Publicado: 07 abr 2026 - 01:05
Opinión.
Opinión. | Atlántico

El panorama político se torna judicial a partir de este regreso de vacaciones de Semana Santa teñido de inquietud y zozobra por los disparates que al otro lado del mar comete ese indocumentado y peligroso vecino de la Casa Blanca en el que se da cita la proverbial incultura geopolítica del americano medio y la cerrilidad que caracteriza a un toro cornilargo de la pradera de Texas. Este coctel explosivo capaz de reproducir un fenómeno tan alarmante como el que protagoniza un sujeto que ordena bombardear un territorio que por sí mismo no sabe situar en un mapamundi, ha logrado detener provisionalmente la hemorragia de deserciones en las filas de antiguos votantes que hoy repudian a sus políticos en esta España que duele y preocupa a la que con dulce candor cantaba la malograda Cecilia –esta España mía, esta España tuya, esta España nuestra ay, ay, ay, ay- que el fin de la Semana Santa y el inicio de un nuevo ciclo, nos recuerda que hay todo un rosario de causas pendientes y comportamientos no resueltos penalmente, algunos de ellos retomados tras casi veinte años como el que afecta a la cúpula de Interior cuando gobernaba Rajoy y las posible irregularidades cometidas por Montoro y su equipo cuando era todopoderoso ministro dueño y señor de la Economía y la Hacienda de todos nosotros. Luego vendrán los otros, con Ábalos, Cerdán, el hermanísimo, la señora del hermanísimo, la fontanera y el comisionista y lo que vaya saliendo para ponerlo todo perdido.

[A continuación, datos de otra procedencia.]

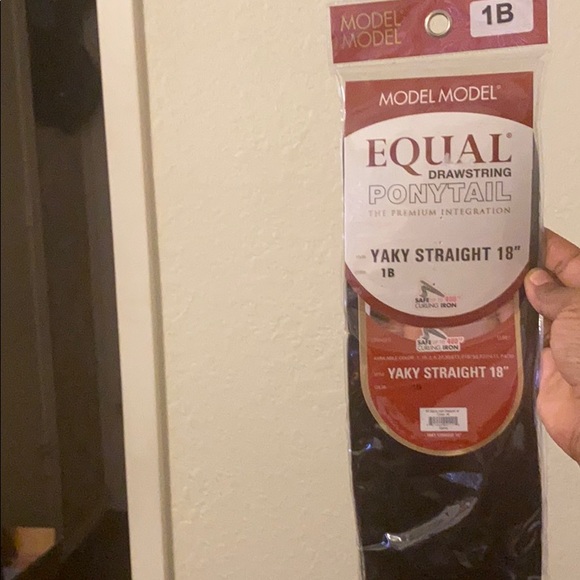 Model Model Equal Drawstring Ponytail - Picture 3 of 4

Ambos partidos, los dos realmente imprescindibles en el desarrollo político del país, cimientos del bipartidismo y primeros de este milenio nuevo encargados de preservar la tradición que desde los tiempos inmediatamente posteriores a la muerte de Fernando VII divide al país en izquierda y derecha se llamen moderados o exaltados, progresistas o conservadores, o de las mil formas por los que han sido conocidas las dos tendencias desde los tiempos de la Constitución doceañista, podrían aprovechar esta situación para limpiar de verdad de verdad sus sentinas. Sanear las bodegas e iniciar un nuevo ciclo lavados hasta detrás de las orejas. Pero va a ser que no. La triste realidad es que no conviene.